Word for word, restate the data that follows, omitting the images.
DATASET CONTENT below:
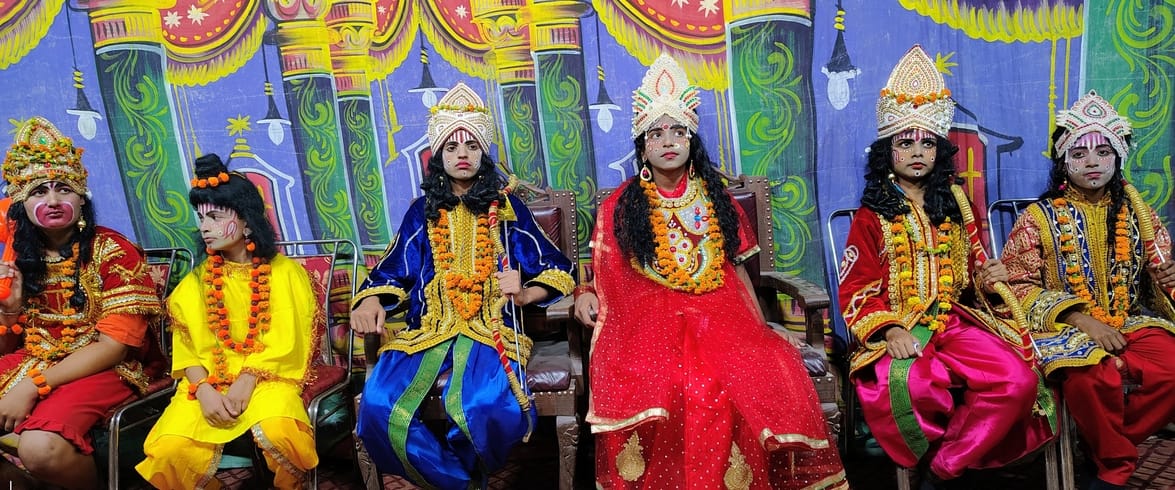 Eyes lit up after seeing the meeting of the four brothers
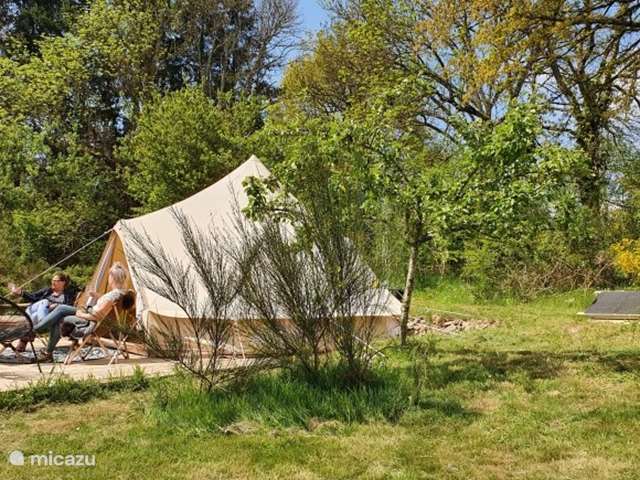 Holiday home in France, Puy-de-Dôme – glamping / safari tent / yurt Bell tent Le Faucon (4 pers.)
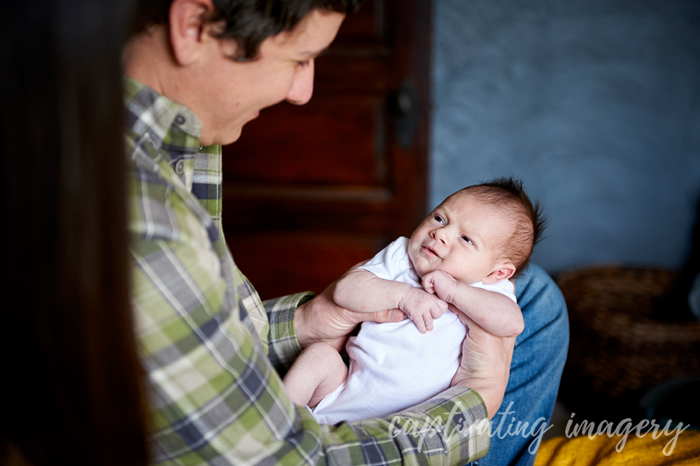 checking out his daddy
End of DATASET CONTENT.
** WRITTEN REPLY **
 Eyes lit up after seeing the meeting of the four brothers
 Holiday home in France, Puy-de-Dôme – glamping / safari tent / yurt Bell tent Le Faucon (4 pers.)
 checking out his daddy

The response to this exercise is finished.